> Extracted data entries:
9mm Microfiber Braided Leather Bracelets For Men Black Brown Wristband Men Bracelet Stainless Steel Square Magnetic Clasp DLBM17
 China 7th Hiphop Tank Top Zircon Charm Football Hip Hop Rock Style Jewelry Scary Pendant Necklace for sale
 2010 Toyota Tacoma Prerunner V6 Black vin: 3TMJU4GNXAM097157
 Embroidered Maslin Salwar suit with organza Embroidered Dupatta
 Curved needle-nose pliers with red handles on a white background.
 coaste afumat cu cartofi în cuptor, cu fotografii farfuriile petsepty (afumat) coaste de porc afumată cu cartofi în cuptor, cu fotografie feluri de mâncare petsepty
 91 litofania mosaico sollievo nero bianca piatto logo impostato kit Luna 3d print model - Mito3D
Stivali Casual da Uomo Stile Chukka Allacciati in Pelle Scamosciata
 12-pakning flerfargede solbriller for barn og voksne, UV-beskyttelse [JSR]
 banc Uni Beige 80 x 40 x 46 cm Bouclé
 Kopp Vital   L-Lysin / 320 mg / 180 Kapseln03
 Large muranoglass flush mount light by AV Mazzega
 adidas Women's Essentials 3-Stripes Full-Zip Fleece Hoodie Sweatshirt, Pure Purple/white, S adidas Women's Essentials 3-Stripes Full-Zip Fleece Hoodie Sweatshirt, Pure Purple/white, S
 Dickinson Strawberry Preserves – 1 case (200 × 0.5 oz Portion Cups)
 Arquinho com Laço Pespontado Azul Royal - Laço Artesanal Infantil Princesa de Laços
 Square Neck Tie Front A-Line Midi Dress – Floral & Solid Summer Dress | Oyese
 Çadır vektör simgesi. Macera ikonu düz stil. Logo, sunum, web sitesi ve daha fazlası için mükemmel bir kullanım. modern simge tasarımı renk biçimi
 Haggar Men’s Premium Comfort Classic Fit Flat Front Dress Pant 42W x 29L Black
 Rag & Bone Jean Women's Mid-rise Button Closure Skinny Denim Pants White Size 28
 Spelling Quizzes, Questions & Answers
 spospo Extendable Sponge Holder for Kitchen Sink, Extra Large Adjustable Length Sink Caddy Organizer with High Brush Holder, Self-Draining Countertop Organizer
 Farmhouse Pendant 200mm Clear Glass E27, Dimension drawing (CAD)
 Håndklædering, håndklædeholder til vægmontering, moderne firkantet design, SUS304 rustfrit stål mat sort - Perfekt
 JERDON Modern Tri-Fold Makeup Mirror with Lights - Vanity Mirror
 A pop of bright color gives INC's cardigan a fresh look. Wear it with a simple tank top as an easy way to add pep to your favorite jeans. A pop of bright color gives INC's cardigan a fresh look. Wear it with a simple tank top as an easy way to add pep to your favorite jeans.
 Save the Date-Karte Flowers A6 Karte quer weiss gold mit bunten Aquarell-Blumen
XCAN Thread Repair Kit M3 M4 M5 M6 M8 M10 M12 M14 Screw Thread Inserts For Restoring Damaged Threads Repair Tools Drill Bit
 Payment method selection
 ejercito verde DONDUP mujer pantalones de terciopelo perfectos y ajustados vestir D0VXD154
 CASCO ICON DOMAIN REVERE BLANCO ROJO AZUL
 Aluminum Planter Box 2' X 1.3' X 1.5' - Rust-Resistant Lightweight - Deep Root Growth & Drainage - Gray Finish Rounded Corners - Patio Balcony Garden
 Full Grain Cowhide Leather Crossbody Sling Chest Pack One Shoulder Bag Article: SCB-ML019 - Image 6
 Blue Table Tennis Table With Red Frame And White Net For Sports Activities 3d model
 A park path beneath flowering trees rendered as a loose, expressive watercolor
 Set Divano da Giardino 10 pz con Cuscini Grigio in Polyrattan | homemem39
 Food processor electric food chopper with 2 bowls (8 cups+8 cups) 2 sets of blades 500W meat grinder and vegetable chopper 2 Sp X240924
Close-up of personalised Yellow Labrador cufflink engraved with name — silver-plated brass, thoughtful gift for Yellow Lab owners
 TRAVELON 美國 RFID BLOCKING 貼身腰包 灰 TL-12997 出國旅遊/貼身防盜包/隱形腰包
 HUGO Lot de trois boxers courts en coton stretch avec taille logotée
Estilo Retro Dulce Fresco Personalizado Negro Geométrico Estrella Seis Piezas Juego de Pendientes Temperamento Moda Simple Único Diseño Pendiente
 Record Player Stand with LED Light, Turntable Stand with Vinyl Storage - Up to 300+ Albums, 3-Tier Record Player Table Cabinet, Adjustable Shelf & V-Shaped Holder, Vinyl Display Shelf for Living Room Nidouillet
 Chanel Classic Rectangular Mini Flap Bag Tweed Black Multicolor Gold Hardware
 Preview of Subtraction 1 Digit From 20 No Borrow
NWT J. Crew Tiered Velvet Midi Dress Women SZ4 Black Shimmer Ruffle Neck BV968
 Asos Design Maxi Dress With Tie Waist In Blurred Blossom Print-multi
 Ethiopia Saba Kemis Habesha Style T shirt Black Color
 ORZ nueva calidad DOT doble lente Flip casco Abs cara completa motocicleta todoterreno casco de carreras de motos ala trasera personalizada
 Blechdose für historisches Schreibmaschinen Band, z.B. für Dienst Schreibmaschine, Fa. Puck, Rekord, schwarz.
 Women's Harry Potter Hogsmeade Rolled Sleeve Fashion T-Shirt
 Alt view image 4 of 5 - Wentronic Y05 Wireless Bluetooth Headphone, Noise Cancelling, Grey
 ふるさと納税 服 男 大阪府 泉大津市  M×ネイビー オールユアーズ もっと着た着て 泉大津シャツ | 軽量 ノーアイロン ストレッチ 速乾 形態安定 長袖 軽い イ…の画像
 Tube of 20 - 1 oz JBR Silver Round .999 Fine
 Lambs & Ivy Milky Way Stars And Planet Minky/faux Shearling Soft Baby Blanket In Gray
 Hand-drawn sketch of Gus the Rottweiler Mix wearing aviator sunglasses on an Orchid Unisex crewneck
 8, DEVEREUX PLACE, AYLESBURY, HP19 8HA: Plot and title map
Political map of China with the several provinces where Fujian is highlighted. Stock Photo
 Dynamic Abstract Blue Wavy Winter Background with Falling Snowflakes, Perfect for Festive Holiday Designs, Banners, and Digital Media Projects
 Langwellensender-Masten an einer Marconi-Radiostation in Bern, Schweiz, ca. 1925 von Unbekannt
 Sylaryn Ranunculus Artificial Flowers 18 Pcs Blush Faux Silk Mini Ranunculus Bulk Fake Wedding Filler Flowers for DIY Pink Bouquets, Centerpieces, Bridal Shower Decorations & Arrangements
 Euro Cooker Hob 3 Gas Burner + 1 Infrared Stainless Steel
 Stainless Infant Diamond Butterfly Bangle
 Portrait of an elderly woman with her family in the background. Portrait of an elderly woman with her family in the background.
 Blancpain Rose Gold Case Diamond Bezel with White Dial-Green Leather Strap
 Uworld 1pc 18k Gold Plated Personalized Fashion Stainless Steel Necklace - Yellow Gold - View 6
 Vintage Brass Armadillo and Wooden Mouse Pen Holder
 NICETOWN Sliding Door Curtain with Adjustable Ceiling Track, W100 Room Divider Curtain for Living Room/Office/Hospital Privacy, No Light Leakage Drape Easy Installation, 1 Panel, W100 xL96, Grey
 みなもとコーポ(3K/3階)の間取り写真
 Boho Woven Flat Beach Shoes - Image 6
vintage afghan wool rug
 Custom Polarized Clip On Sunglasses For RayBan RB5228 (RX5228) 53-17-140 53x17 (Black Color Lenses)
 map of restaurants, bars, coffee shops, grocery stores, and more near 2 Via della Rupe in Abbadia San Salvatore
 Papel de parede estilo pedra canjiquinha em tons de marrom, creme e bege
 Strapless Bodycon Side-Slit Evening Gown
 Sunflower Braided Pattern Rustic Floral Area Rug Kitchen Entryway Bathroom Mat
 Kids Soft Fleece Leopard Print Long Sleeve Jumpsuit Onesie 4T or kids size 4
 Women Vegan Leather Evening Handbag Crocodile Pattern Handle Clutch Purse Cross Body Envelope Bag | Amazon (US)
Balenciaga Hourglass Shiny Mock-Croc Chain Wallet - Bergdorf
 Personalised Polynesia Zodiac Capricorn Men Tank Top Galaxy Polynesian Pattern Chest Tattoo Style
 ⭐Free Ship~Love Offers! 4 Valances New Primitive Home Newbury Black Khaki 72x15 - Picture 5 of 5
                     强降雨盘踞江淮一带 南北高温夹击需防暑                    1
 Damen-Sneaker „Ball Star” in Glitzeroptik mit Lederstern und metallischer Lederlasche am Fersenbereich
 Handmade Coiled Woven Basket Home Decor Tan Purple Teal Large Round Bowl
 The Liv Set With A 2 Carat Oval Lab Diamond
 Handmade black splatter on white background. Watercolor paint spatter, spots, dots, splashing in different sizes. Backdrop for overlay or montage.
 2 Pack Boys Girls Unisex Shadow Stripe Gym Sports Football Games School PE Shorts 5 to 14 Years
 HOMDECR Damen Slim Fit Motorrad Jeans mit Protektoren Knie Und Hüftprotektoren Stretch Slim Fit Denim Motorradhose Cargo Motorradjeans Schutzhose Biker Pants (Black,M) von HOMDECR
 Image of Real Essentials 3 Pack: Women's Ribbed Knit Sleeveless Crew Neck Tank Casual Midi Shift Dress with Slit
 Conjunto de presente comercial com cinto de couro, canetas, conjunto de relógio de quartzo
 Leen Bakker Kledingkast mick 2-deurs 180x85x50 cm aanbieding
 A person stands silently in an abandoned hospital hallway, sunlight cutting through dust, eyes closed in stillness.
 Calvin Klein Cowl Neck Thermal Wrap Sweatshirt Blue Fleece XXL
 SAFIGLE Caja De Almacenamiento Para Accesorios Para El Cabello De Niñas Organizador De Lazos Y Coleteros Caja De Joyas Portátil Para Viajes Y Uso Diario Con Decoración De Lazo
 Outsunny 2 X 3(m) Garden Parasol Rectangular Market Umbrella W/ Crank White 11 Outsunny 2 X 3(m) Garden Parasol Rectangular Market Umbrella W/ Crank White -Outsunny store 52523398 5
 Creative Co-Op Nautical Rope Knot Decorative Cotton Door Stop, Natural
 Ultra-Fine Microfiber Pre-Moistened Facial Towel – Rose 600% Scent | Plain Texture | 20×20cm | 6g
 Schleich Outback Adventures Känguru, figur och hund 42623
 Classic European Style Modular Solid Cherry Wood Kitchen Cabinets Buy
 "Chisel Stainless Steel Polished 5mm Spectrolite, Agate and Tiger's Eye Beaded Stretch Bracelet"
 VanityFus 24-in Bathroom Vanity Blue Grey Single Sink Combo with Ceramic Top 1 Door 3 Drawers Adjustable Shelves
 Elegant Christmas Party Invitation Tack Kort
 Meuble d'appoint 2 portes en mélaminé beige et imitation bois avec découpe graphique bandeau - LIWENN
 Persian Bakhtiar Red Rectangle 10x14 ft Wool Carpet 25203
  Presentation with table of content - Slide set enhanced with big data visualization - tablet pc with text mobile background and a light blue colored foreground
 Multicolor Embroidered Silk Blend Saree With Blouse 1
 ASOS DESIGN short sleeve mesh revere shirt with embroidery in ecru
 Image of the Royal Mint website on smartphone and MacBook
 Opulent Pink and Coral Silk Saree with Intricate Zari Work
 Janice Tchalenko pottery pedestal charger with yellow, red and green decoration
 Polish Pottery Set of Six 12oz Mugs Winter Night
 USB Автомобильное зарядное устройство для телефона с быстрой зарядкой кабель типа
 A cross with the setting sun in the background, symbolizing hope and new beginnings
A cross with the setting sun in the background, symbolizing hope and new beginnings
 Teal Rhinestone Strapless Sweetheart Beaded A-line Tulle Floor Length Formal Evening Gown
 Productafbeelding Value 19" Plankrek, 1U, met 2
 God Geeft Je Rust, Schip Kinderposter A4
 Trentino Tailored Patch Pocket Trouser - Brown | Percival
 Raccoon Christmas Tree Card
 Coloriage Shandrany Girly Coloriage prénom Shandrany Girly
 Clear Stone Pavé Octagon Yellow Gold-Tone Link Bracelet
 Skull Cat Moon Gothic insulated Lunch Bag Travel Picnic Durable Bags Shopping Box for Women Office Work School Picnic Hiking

> About this task: Return a copy of each line in the records above that has "Office" in it.

> Result:
 NICETOWN Sliding Door Curtain with Adjustable Ceiling Track, W100 Room Divider Curtain for Living Room/Office/Hospital Privacy, No Light Leakage Drape Easy Installation, 1 Panel, W100 xL96, Grey
 Skull Cat Moon Gothic insulated Lunch Bag Travel Picnic Durable Bags Shopping Box for Women Office Work School Picnic Hiking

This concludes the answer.